S1.8: The role of geosciences in monitoring and managing volcanic hazard


Kostantinos Kyriakopoulos

National and Kapodistrian University of Athens, Greece

Walter D’Alessandro

Istituto Nazionale di Geofisica e Vulcanologia – Sezione di Palermo, Italy

Antonios E. Marsellos

Department of Geology, Environment, and Sustainability, Hofstra University, USA



Katerina Tsakiri

Department of Information Systems and Supplied Chain Management, Rider University, USA

Volcanoes are, understandably, considered one of the most important natural hazards. Recent volcanic eruptions have led to significant human loss and considerable economic damage.
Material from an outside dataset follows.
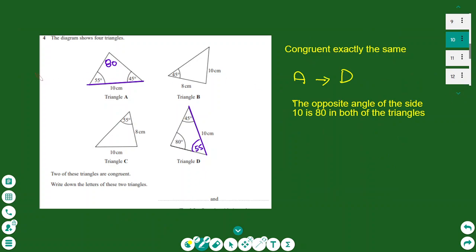Another type of question is finding congruent triangles. Congruent triangles look exactly the same. The only two triangles here that are congruent are A and D. The angle opposite the side of length 10 is 80 degrees on both triangles. On triangle C it is 55, and on triangle B it is 45. So only A and D are congruent.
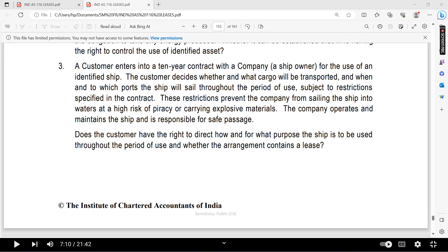In this one, we are going to discuss test your knowledge question number three. What is a customer who has entered into a 10-year contract with a company — a ship owner — for the use of an identified asset? A customer who has entered into a 10-year contract with a ship owner for the use of an identified ship.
Accurate hazard estimation is fundamental in increasing preparedness and mitigating potential risks from volcanoes.Today, multiple disciplines of geosciences have been involved in this topic and interdisciplinary actions demonstrate significant promise.Traditionally, volcanoes have been explored through seismic signals, by studying sequences of earthquakes related to volcanic activity. However, advanced seismology has developed more sophisticated approaches that offer greater potential, whether by analyzing ambient noise recordings or documenting stress changes through shear-wave splitting and classifying volcanic tremors.Temporal variations of surface deformation have been studied with the aid of GNSS networks and data-analysis techniques, as well as gravity measurements.Moreover, gas emissions have been extensively used in investigating volcanic processes. Finally, the emerging field of geological disaster management can contribute significantly in improving the response of authorities and reduce potential secondary damages. The combination of monitoring and management plans is critical in successfully and efficiently reducing risk.In this session, we invite contributors dedicated to monitoring volcanoes from fields of geosciences, including researchers involved in the analysis of seismic, GNSS, gravity and geochemical data, to submit their work on advanced,innovative approaches of applying current and past knowledge in estimating and modelling volcanic hazard, as well as experts on the risk management field to share their work on improving response for potential disasters.